● ASSIGNMENT: Your output should be the lines below from the one with "Cristiano Ronaldo wurde" through the one with "Lot 8 Westlock", copied exactly, pictures excluded.

● PROVIDED RECORDS:
────────────────────
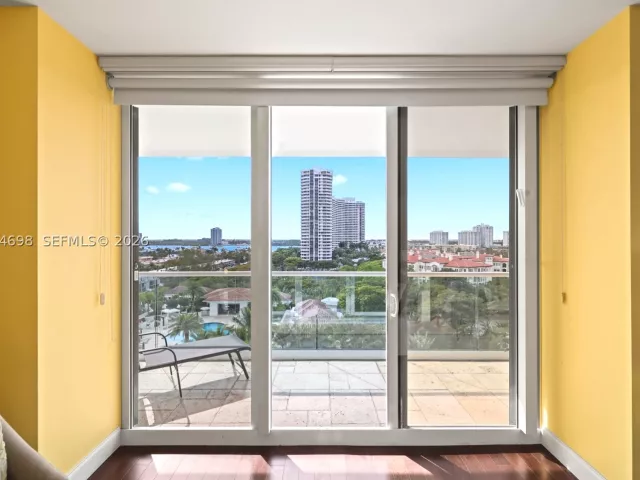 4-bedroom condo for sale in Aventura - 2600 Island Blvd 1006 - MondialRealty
────────────────────
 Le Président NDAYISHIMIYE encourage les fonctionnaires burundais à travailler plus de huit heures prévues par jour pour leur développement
────────────────────
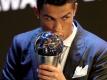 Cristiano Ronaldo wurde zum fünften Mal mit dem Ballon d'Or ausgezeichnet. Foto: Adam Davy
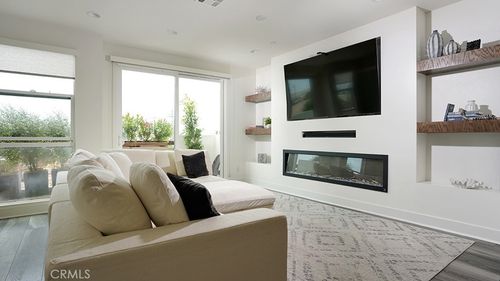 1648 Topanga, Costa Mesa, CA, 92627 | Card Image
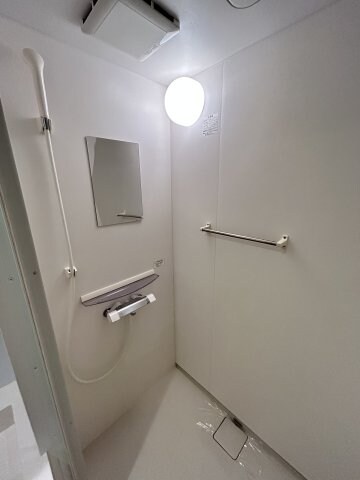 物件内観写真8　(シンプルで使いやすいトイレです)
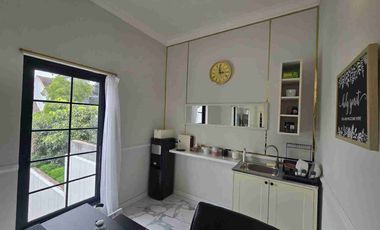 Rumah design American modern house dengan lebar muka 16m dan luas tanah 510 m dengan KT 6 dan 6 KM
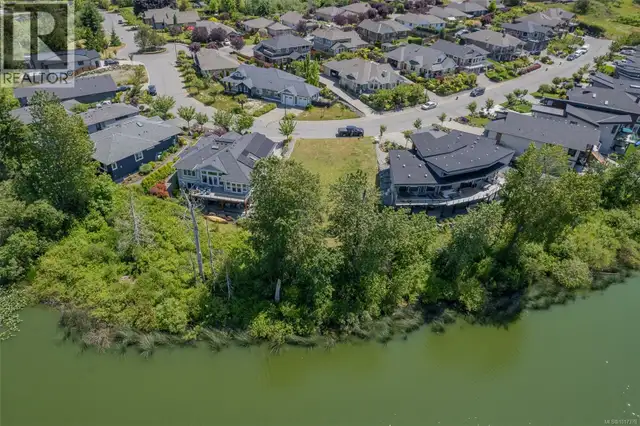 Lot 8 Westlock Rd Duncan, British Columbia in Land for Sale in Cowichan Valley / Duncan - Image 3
────────────────────
● REPLY:
 Cristiano Ronaldo wurde zum fünften Mal mit dem Ballon d'Or ausgezeichnet. Foto: Adam Davy
 1648 Topanga, Costa Mesa, CA, 92627 | Card Image
 物件内観写真8　(シンプルで使いやすいトイレです)
 Rumah design American modern house dengan lebar muka 16m dan luas tanah 510 m dengan KT 6 dan 6 KM
 Lot 8 Westlock Rd Duncan, British Columbia in Land for Sale in Cowichan Valley / Duncan - Image 3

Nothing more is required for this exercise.